A menudo reflexiono sobre el pasaje del Evangelio de San Juan donde Jesús se encuentra con una mujer sorprendida en el acto de adulterio e invita a los escribas a arrojarle piedras si no tienen pecado. Ninguno de ellos lo hace y se marchan. Me imagino a la mujer recogiendo una piedra que unos pocos segundos antes había caído de las manos de uno de los escribas, y luego procede a golpearse en la cabeza con ella. Jesús, absolutamente atónito, pregunta: “¿Qué estás haciendo? Nadie te ha condenado, ¿por qué te estás condenando a ti misma?” Por ridícula que sea esta situación hipotética, refleja una tendencia frecuente de lastimarnos sin la ayuda del prójimo.
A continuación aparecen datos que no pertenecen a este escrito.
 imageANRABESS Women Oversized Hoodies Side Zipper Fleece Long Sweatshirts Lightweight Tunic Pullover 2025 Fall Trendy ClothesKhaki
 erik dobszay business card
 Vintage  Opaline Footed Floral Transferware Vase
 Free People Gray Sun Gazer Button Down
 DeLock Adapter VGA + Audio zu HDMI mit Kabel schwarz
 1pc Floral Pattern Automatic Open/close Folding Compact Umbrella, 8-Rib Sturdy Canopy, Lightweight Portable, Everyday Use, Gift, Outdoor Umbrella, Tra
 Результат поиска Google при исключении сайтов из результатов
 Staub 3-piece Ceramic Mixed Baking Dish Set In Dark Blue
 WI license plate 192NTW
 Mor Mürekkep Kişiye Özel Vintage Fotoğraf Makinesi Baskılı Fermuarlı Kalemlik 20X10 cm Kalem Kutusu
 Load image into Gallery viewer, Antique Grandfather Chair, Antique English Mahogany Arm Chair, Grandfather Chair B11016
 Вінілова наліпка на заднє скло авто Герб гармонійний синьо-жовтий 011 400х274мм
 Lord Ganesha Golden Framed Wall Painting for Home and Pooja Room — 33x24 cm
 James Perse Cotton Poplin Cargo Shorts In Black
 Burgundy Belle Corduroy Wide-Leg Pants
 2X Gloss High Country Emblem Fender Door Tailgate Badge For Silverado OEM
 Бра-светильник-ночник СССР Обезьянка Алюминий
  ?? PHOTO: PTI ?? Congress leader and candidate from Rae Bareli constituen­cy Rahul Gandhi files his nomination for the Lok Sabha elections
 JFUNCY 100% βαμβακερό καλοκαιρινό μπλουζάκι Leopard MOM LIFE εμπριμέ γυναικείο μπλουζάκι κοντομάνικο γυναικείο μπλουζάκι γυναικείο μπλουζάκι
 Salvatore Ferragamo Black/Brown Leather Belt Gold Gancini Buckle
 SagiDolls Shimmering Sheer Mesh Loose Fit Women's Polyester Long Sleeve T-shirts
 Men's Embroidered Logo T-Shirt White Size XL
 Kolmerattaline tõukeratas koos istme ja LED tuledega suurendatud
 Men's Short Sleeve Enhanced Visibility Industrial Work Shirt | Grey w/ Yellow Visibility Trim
Nuevamente, en lugar de alejarnos o de soltar, corremos hacia la protesta o nos golpeamos con una piedra.

Una de mis mayores alegrías como sacerdote es compartir la misericordia de Jesús cuando escucho confesiones. Se acercan corazones agobiados y angustiados y parten animados y alegres. Ningún pecado es demasiado grande, ninguna ofensa imperdonable: hay verdadera libertad en la misericordia de Dios. Como confesor reconozco que estoy en una posición privilegiada, no por mi bien, sino para que los pecadores puedan experimentar de primera mano la misericordia de Dios. Puedo asistir a los demás para que acepten el perdón y animarlos a que se lo extiendan a su prójimo para que se calme esa inquietud que sienten. En lugar de correr junto con los camiones militares directamente a la protesta donde solo ocurre más daño, Jesús nos invita a alejarnos del pecado y sus efectos, a aceptar la misericordia y disfrutar de un momento de paz.